Under the 1975 Act, where a surviving spouse or civil partner has not been reasonably provided for in a Will, they can bring a claim. However, in this case, the deceased wrote in to his Will that his wife would lose her entitlement if she brought a claim under the 1975 Act. Notwithstanding this provision, the wife decided to bring a claim under the 1975 Act after forming the view the provision left for her was insufficient.
The Judgement
In its judgement, the High Court commented that it had not been unreasonable for the husband to draft the Will as he did - to ensure that his wife received no more than the reasonable financial provision that would be awarded to her on any claim under the 1975 Act.
Additionally, the Court was critical of the conduct of the wife towards her husband in his dying months and found that the treatment he had received from her had been unwarranted.
That said, the judge noted that the question he had to ask was not whether the deceased’s intentions were reasonable, but whether the Will made reasonable financial provision for his wife, having regard to the factors set out in the 1975 Act.
These factors include:
· The financial needs and resources of the applicant;
· The standard of living enjoyed by the applicant;
· The financial needs and resources of other beneficiaries or applicants;
· Any obligations and responsibilities which the deceased had towards the applicant;
· Any Mental or Physical Disabilities; and
· Any other relevant factors.
Considering these factors, the judge found that the Will did in fact constitute reasonable financial provision for the deceased’s wife and it had been reasonable for those conditions to be attached.
The judge held that:
· In circumstances where the provision made by the Will was objectively reasonable, it was also reasonable to include a provision intended to discourage the relevant beneficiary from commencing an unwarranted claim; and that
· It would be wrong in principle to pursue a claim knowing that in doing so, they would forego a certain benefit, and then to say that, because they have foregone that benefit, the Will failed to make reasonable financial provision for that individual.
What are the Implications of the Judgement?
Whilst the judgement does highlight the court’s willingness not to immediately discount such provisions, it refrains from imposing a general restriction on pursuing action under the 1975 Act, in cases where a condition against such action exists.

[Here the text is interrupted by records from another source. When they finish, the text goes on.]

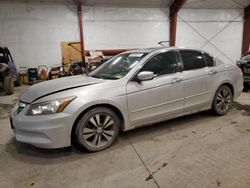 Salvage Cars with No Bids Yet For Sale at auction: 2012 Honda Accord EX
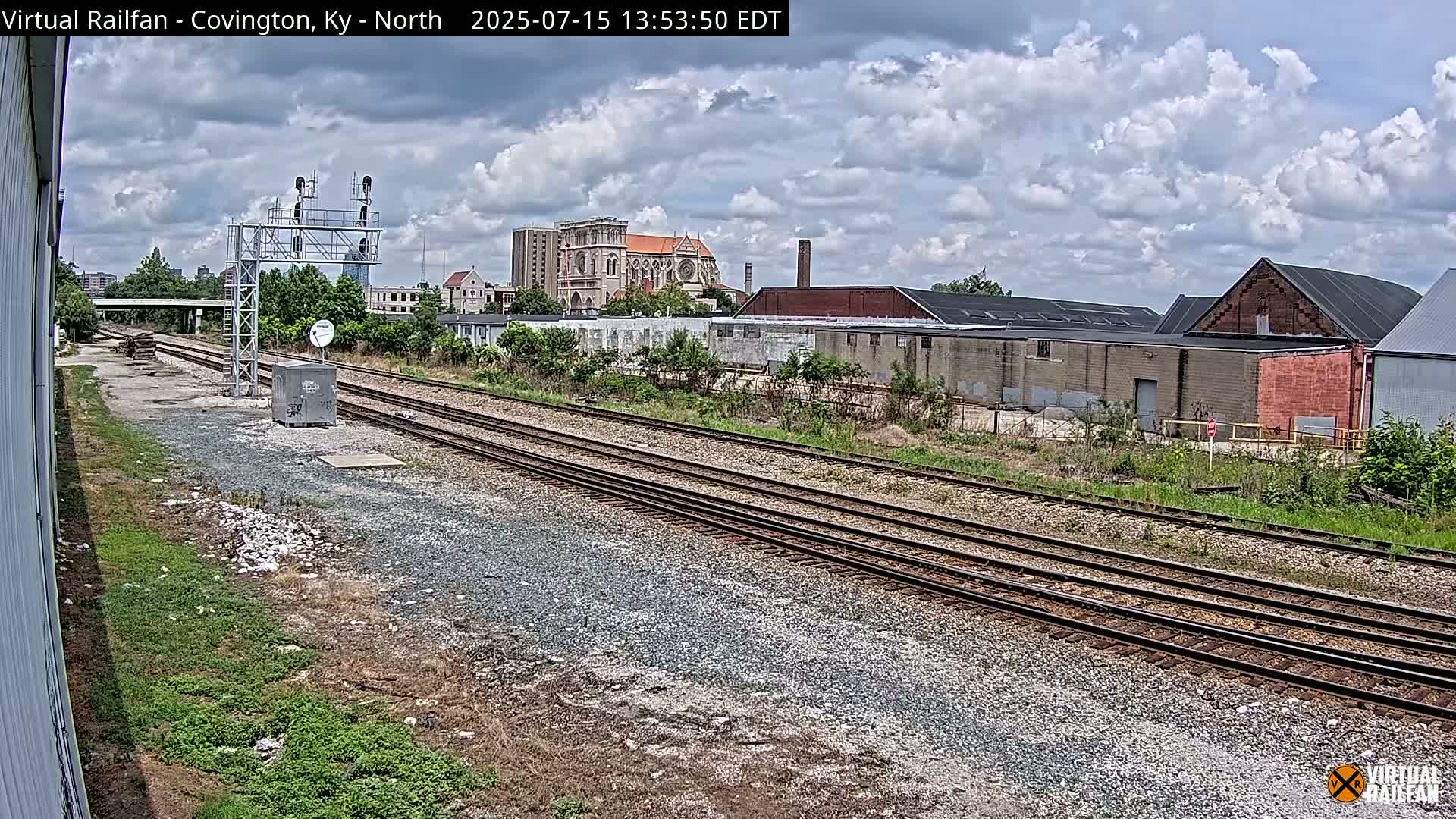 Covington City & Covington Railroad Live Cam - Covington, Kenton,  Kentucky, USA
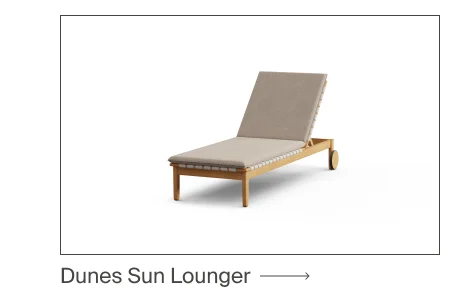 Dunes Sun Lounger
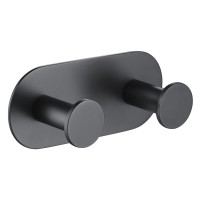 Вешалка-2 крючка Timo Saona 13014/03 черный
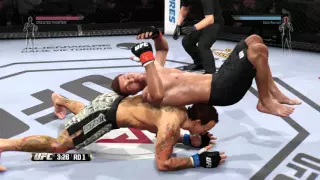 Баги в EA SPORTS UFC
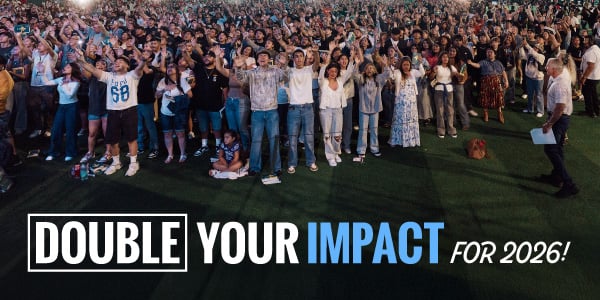 Double your impact for 2026!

Whilst it might now seem attractive to include this provision in your Will, there are some points to consider:
1. Firstly, the existing provisions were considered objectively reasonable in the first place. It will not be possible to leave a very small sum and then try to exclude a claim under the 1975 Act.
2. Secondly, the facts of this case are very unusual. The Court was particularly critical of the Claimant’s conduct in the claim and also in relation to the Deceased before he died. The likelihood of similar facts arising is slim.
3. Thirdly, this is only a High Court decision and so is persuasive but not binding. Oral permission to appeal has been rejected but there might be a further appeal in the offing.
4. Fourthly and finally, the Court did actually make an order under the 1975 Act varying the trusts on which the property is held to require the trustees to provide the Claimant with a property for life (£400,000).
Equally, a party faced with a similar provision in the Will must consider the prospects of success carefully as such a provision could make pursuing a claim particularly risky.